Gli aiuti pubblici all’ILVA

 

I soldi pubblici non devono servire ad aiutare l'Ilva ma i lavoratori e la città per bonifiche, riconversione, ambientalizzazione. E'questo, in estrema sintesi, il pensiero espresso da Peacelink  nel corso della conferenza stampa convocata presso la libreria Ghilmalesh alla vigilia di una scadenza che potrebbe rivelarsi decisiva.

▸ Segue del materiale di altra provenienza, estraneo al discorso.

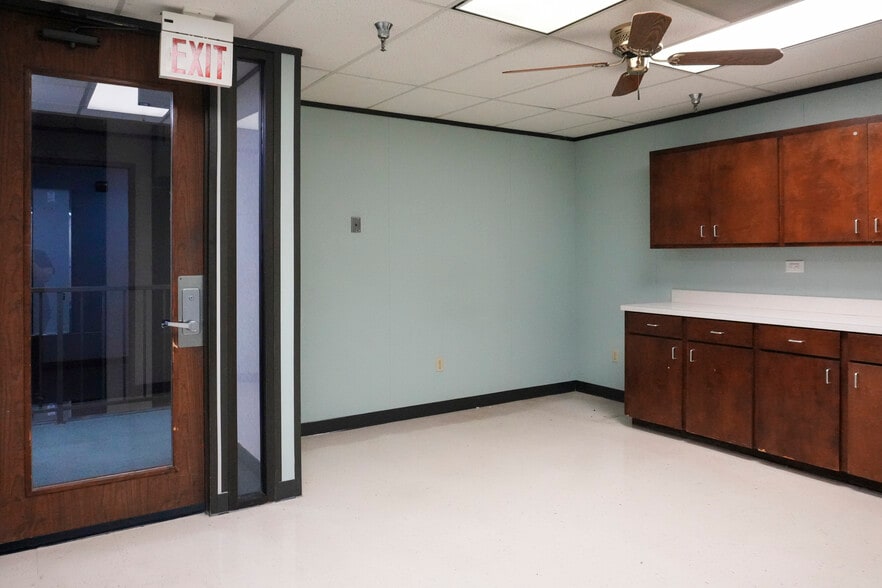 More Photos Of 5155 Flynn Pky, Corpus Christi Office For Lease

Come si legge in apertura della corposa documentazione fornita agli organi di stampa che di seguito pubblichiamo integralmenrte  

 

"La proposta di aprire un'inchiesta sugli aiuti pubblici destinati all'Ilva approda domani 19 gennaio 2016 sul tavolo della Commissione europea.

 

La commissaria per la concorrenza Margrethe Vestager illustrerà alla Commissione Europea i motivi alla base dell'iniziativa nel quadro della disciplina Ue che vieta gli aiuti di Stato alla siderurgia e alla luce dell'importanza del settore. Successivamente Bruxelles dovrebbe rendere pubblica la decisione di avviare l'inchiesta.

 

“L'inchiesta formale che dovrebbe essere aperta la prossima settimana da Bruxelles - si legge sull’ANSA - mira soprattutto a valutare la legittimità del prestito ponte da 300 milioni accordato a dicembre ma anche degli ulteriori interventi a sostegno dell'Ilva per complessivi 800 milioni di euro previsti dalla legge di stabilità 2016. Martedì a Strasburgo, dove la Commissione si riunirà in occasione della sessione plenaria dell'Europarlamento, Vestager illustrerà il contesto nel quale si viene a collocare sia l'indagine sul caso Ilva e sia quella su un'altra aziende del settore siderurgico che sarà aperta in contemporanea”.

 

PeaceLink aveva segnalato il problema

 

A segnalare un anno e mezzo fa le azioni di “aiuto” all’ILVA era stata PeaceLink e per mesi l’attività di indagine della Commissione Europea era stata ufficiosa e informale.

 

Il governo italiano potrà portare il suo punto di vista

 

L'avvio dell'inchiesta e la pubblicazione sulla 'Gazzetta Ufficiale Ue' delle contestazioni mosse al governo consentirà a tutte le parti interessate di presentare a Bruxelles le rispettive osservazioni. Al termine della valutazione delle informazioni così raccolte, Bruxelles dovrà decidere se ed eventualmente in quale misura gli aiuti ricevuti dall'Ilva sono compatibili con le norme che regolano il funzionamento del mercato unico europeo e il rispetto di una corretta concorrenza.

 

Cosa sta succedendo in Italia

 

Frana la cordata italiana Salva-Ilva

L’intervento dello Stato tenta di tamponare una situazione sempre più sfilacciata.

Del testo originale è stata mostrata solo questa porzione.